そんな悲しみにくれるラフス教会から遠く離れた東リスタ港の桟橋の先で、一人の老人が酒を飲んでいた。
「何黄昏てるんですか、オルグさん?」
「んっ? なんだ、お前か……」
オルグに声を掛けてきたのは近衛隊長のラッツだった。彼はオルグの隣に座ると、酒瓶をオルグの隣に置いた。
「レベッカさんが、オルグさんの様子がおかしいって心配してましたよ?」
「かっかかか、孫に心配されるほど落ちぶれちゃいねぇよ」
オルグはラッツが置いた酒瓶の栓を開けると、ラッパ飲みで飲み始める。
「カァァァ、うめぇ! いい酒だな。生意気に良い給金貰ってんだろ、テメェ?」
「あはは、それを用意してくれたのはレベッカさんですよ。それでどうしたんですか?」
改めてラッツが尋ねると、オルグは髭をこすりながら答える。
「ヨドスが死んだらしいじゃねぇか。あいつぁワシより若かったし、なにより底なしの善人だった。ワシのような極悪人が長生きする中、善人はすぐに逝っちまう」
「……それに答えれるほど、俺の人生経験は豊富じゃないから何も言えないな」
オルグは豪快に笑いながら、ラッツの背中を叩く。
「がっはははは、当たり前だ! てめぇ如き若造が御託ならべたら海に放り込むぜ!」
「痛い! 痛いって!」
オルグはどこか遠い目をしながら呟く。
「しかし、さすがのワシもあと十年は生きれんだろうなぁ」
「いやぁ賭けてもいいけど、オルグさんは十年後も変わってないと思うよ」
ラッツが苦笑いを浮かべながら言うと、オルグは少し驚いた顔をするがすぐに豪快に笑い始めた。
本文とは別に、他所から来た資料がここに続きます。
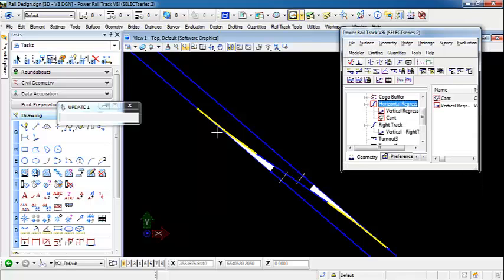That concludes the demonstration on placing a turnout between two alignments. Thank you.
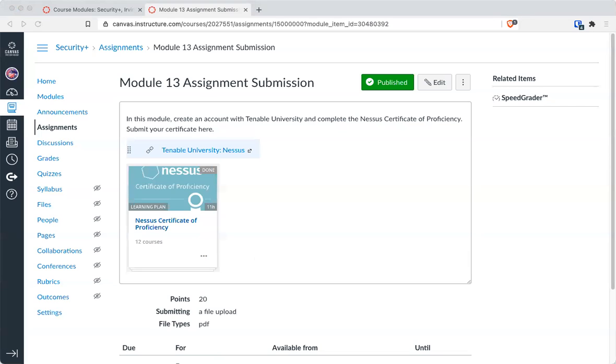So again, the only thing you need to do this week besides the quiz is go through Tenables University, specifically this, the Certificate of Proficiency. Any questions on the lab?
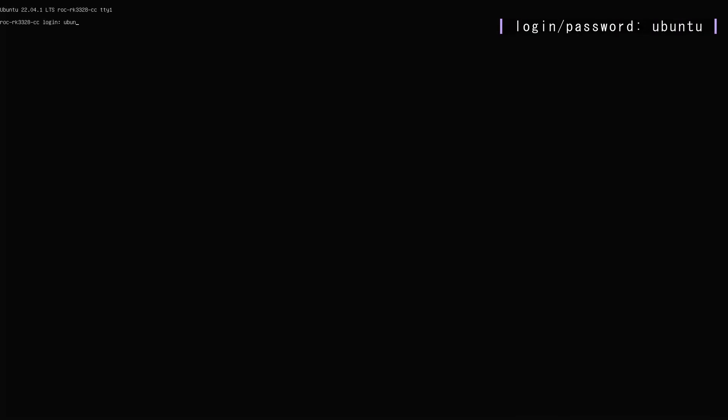Okay, so once your system is fully booted, go ahead and log in using ubuntu, and then password is also going to be ubuntu. It's going to prompt you to change your password, so go ahead and type in the current password, which is ubuntu, and then whatever password you'd like.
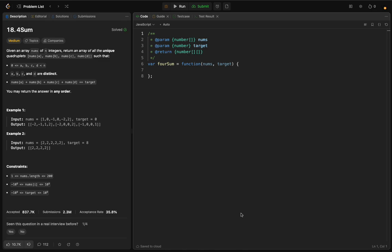Welcome back. Today we have problem number 18 - Four Sum. Given an array called nums of n integers, return an array of all unique quadruples nums[a], nums[b], nums[c], and nums[d] such that a, b, c, and d are distinct indices between 0 and n, and nums[a] + nums[b] + nums[c] + nums[d] equals the target.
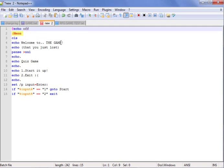Here's the menu. CLS just means to clear your screen, get a brand new screen. Echo just means that it's gonna say the text in front of it, so it'll just say echo, welcome to the game.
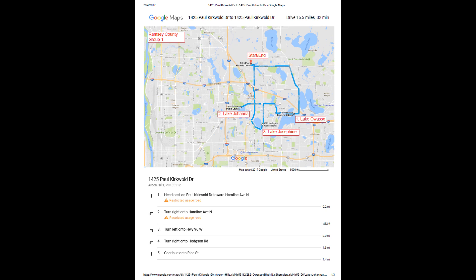Each route map will include directions from your local training site to each of the lake accesses that you will be monitoring. Please visit the lake accesses in the exact order that they are listed on your route map. We've organized all of the routes so that you will be monitoring lakes without known occurrences of AIS first and lakes with known infestations of AIS last, if applicable.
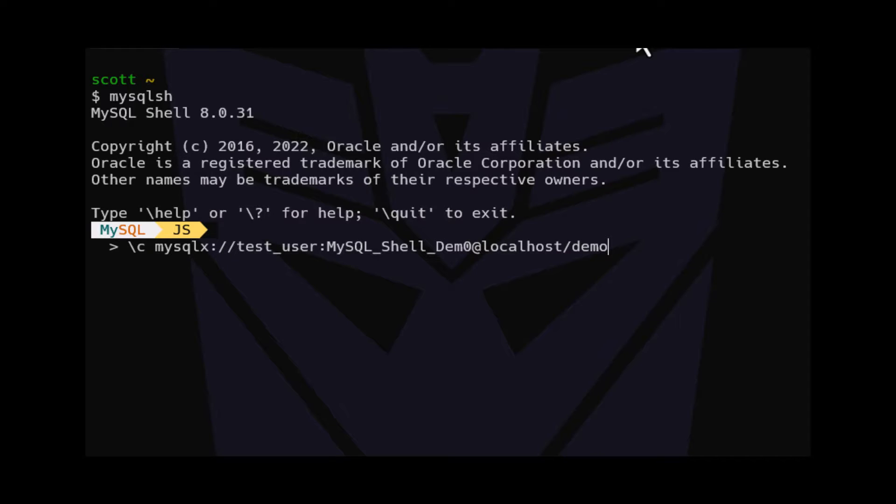To connect to a MySQL database, we use the backslash C command with a connection string similar to what we see here. Let's break down this connection string.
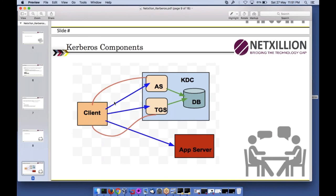When I send an AS request, I get back two messages. One part contains the client name, host, session key, lifetime, and expiry — encrypted with the client secret. The other contains the TGT, session key, and lifetime — encrypted with the KDC secret. I can decrypt the client secret portion with my own password, but I can never decrypt the KDC secret portion.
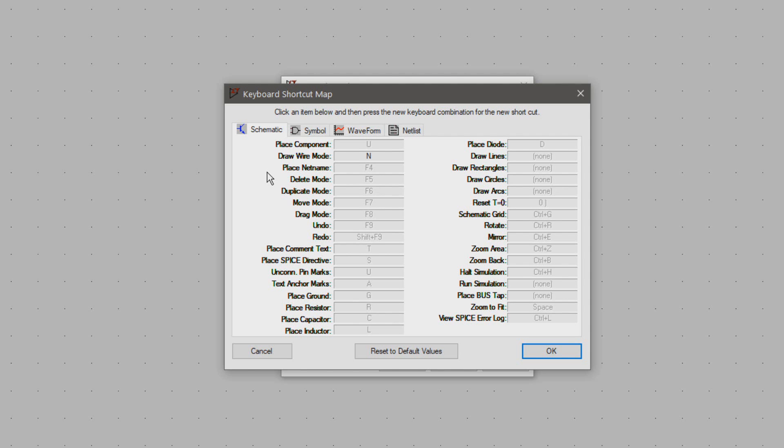The net name is the label function which gives nodes and nets in the schematic a reference. I set it to an arbitrary M but if the N is still available to you it would be logical to change it to that.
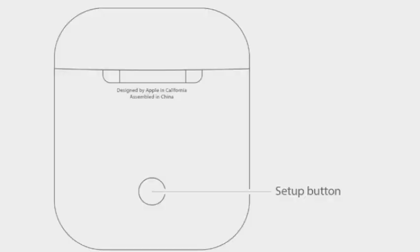After that, put both AirPods in the charging case and open the lid.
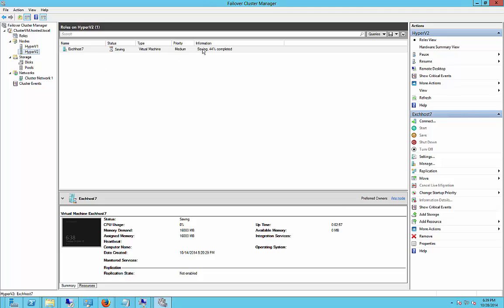So in this particular case, because we're simulating it, simulating shutting down Hyper-V2, it won't let that shut down until it finishes saving the state. And then it will move it over to Hyper-V1, and then we'll see that the node Hyper-V2 is actually in a down state.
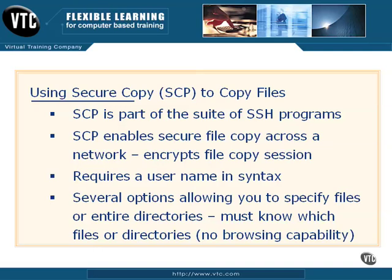The SCP syntax is easy to use but requires a few things. It requires a username and careful typing of the syntax. You have to specify the file you're copying and specify the destination file on your local system.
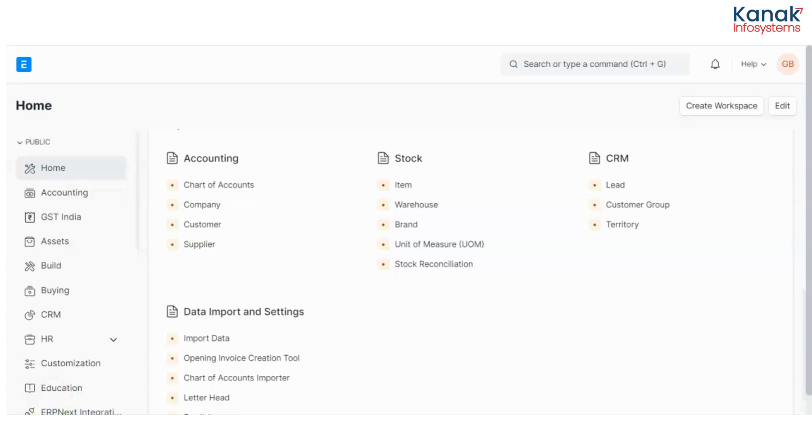Hello and welcome to Kanak InfoSystems LLP's YouTube channel. Today I'm going to tell you about ERPNext and how it allows you to manage different units of measurement.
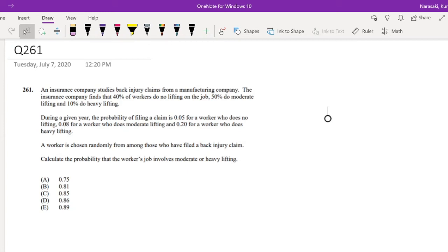Hi guys, it's RominaMathPerson and today I'll be going over question 261 on SOA Exam P. Pause the video quick and try this problem yourself. Assuming that you already attempted it, let's just dive right in.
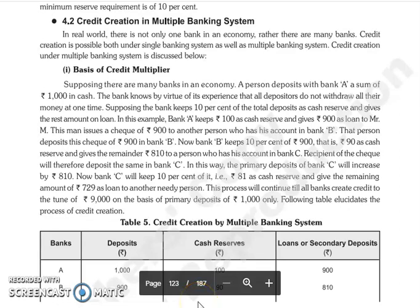Good morning everyone. Continuing with our lecture, the next topic is credit creation in a multiple banking system. We talked about in our last lecture that we divided the banking system into two parts: single banking system and multiple banking system. Multiple banking system means that your banking system has more than one bank, and credit creation is through multiple banks.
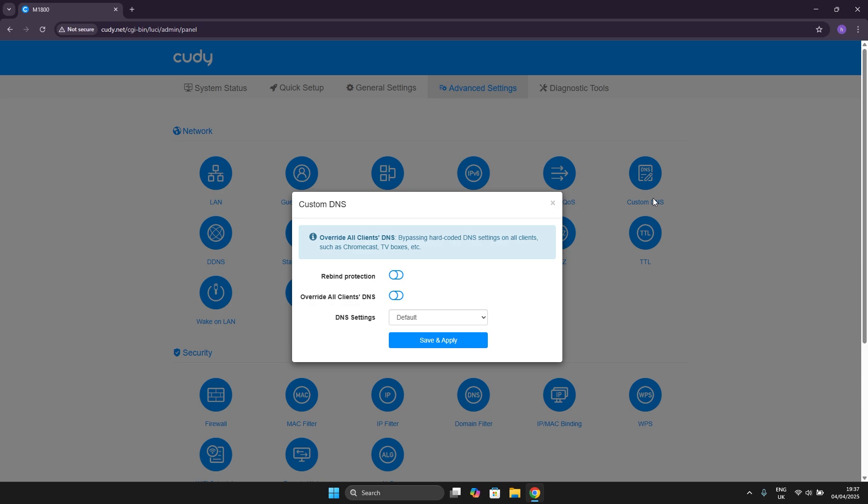As you can see this option enables us to overwrite all clients DNS. We can enable the Rebind Protection option and we can enable Overwrite All Clients DNS option. We can also go here to DNS settings in order to change between three. You can change from default to manual or to DNS over TLS.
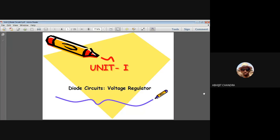Welcome to today's lecture. Because of the time constraint we could not complete the voltage regulator in the last class, and today's discussion is all about this voltage regulator. Today is also the last lecture for Unit 1.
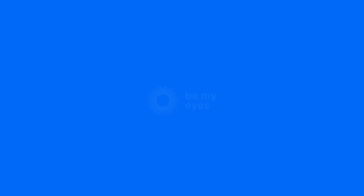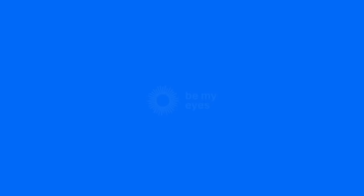Let's make the world a more accessible place for everyone. Visit www.bemyeyes.com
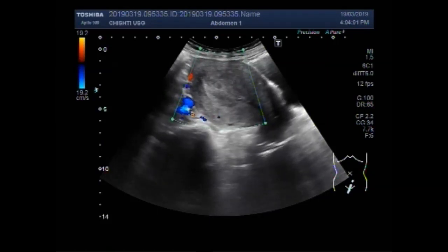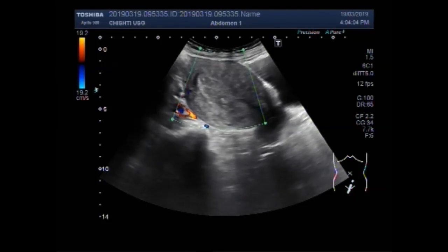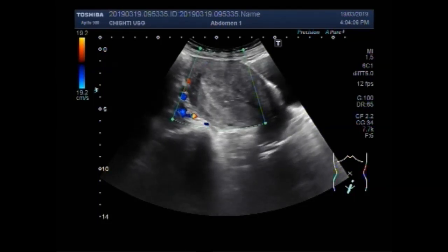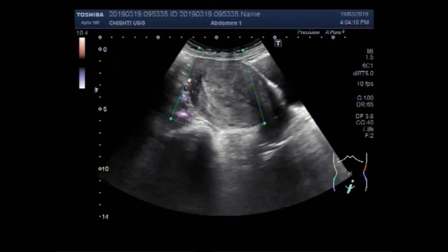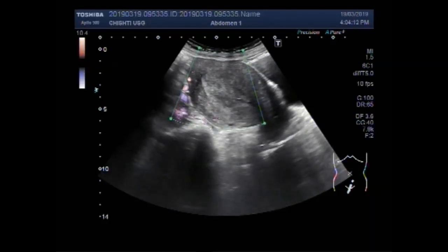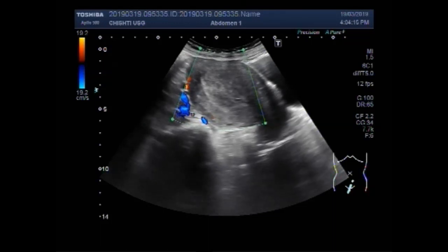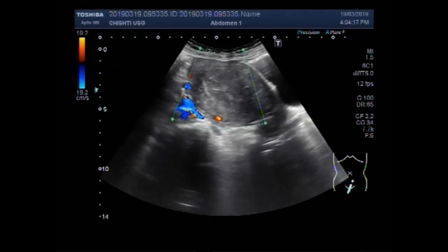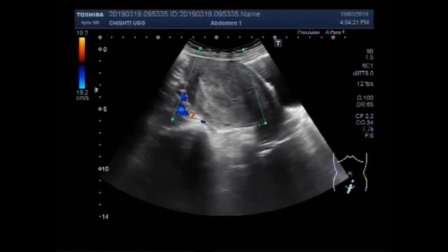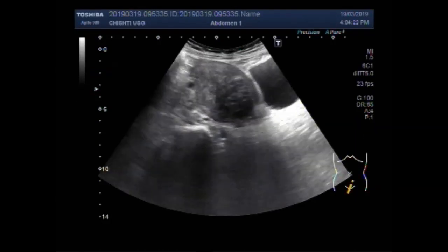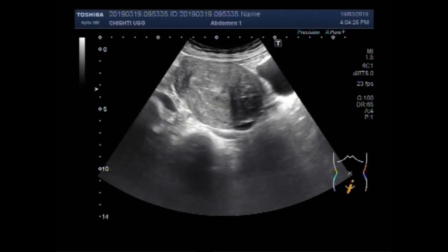You can see a little blood flow is seen inside the polyp. Only feeding vessels are visible. You can see the mass has even ecogenicity.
「がっははは、じゃ賭けようぜ。十年後も生きてたらマリー嬢のケツ触らせてくれ」
「いや、それだと賭けたのがバレた時点で、俺が殺されるから賭けにならないよ」
ラッツが顔を引きつらせると、オルグは楽しそうに笑いラッツの背中をバンバンと叩く。
「しゃーねーな、じゃまたこの酒を奢ってくれよ」
「あぁそれならいい、約束だ。オルグさん、あんたはこの国にまだ必要だからさ、まだまだ元気でいてくれよ」
◇◇◆◇◇
クルト帝国 ポート領 城館 ──
帝都を出発したフェルトは、西回りでリスタ王国を目指していた。かつての仲間であるオズワルト・フォン・ポート男爵が治める地であるポート領で、一泊することになったフェルトたち使節団は、ちょうど帝都に向かっていたココロットたちの使節団と鉢合わせることになった。
「フェルト殿、お久しぶりでございます」
「ココロット殿、これから帝都に?」
ココロットとフェルトが親しげに挨拶を交していると、二人を紹介しようとしていたオズワルトは驚いた様子だった。
「おぉ、お二人ともお知り合いでしたか!」
「はい、外交の席で何度か」
フェルトが答えるとココロットも頷く。そして何かを思い出すように頷くと、笑顔なのかわからないが明るい声でフェルトに祝いの言葉を述べた。
「あぁ、そうです。フェルト殿、この度はおめでとうございます」
フェルトが何のことかわからず首を傾げる。
「何のことでしょうか?」
「おや、まだご存知じゃない? リリベット様がご懐妊したと、国中で話題になっておりましたが?」
「えっ!?」
フェルトは妻の妊娠にも驚いたが、それが国中の噂になっていることにも驚いていた。彼はオズワルトを見て頭を下げる。
「オズワルトさん、申し訳ないけど私はすぐに戻ろうと思う。すまないが使節団の皆だけ滞在させて貰えるか?」
「えぇ、構いませんよ。お急ぎになるのでしたら、足の速い良い馬を用意させましょう」
「あぁ、よろしく頼む」
フェルトはココロットに丁寧に頭を下げる。
「ココロット殿、お会いして早々ですが、私は国に戻ろうと思います」
「えぇ、私のことは気になさらずに、帝都から戻る際はまたお世話になる予定ですので……」
フェルトは挨拶もそこそこに済ませて、馬を借りるためオズワルトと共に馬の厩舎に向かうのだった。
◇◇◆◇◇
リスタ王国 王都 ラフス教会 ──
ヨドスの葬儀から数日後、今後についての話し合いが持たれていた。参加したのはサーリャとメアリー、シャルロット、そしてサーリャに付いているために休暇を取ったコンラートである。
「それで、サーリャ……これからどうするの?」
「うん、メアリーちゃんとシャルちゃんが良ければ、この教会は信者の方に譲って私はコンラートさんと東の城砦に移ろうかと思うの」
これはサーリャが散々悩んで決めたことで、メアリーはシャルロットを預かることを提案していた。これは学園やレベッカの元に修行に通っているシャルロットは、易々と王都を離れられないためであり、シャルロットも了解していた。
「そうした方がいいよ、サーリャお姉ちゃん。あたしのことは心配しないでいいから!」
「そうよ、私の部屋だって、そこそこ広い……はずだから、大丈夫よ!」
新しい環境で傷を癒して欲しいシャルロットと、微妙に歯切れの悪いメアリーの言葉にサーリャは優しく微笑む。
「ありがとう、二人とも……でも出て行く前に、メアリーちゃんのお部屋は掃除していくね」
「うっ……なんで散らかしているのがバレてるの!? 大丈夫よ、シャルちゃんが来るまでに片付けておくからっ!」
メアリーも付き合っている男性がいるときはわりとしっかりしているが、いない場合は仕事に集中することでウサ晴らしするタイプで、部屋にデザイン画や試作した服が散乱していた。そんなことは、メアリーの古くからの親友であるサーリャにはバレバレなのである。
「まぁ、それは置いておいて……コンラートさん、サーリャをお願いしますね。泣かせたら許さないからっ!」
「泣かせたら艦砲射撃で吹き飛ばすからっ!」
「ははは……大丈夫だよ、必ず幸せにするから」
コンラートはそう言いながら、机に置いてあったサーリャの手を強く握る。サーリャもそんなコンラートを見つめるのだった。
◆◆◆◆◆
『サーリャの覚悟』
カールを治癒した際、ヨドスの言葉を聞いたサーリャは、ある種の予感としてヨドスの死を感じていた。その結果彼女は自身の中に祖父を感じることができ、祖父の遺言通りにコンラートとともに歩んでいく覚悟を決めたのだった。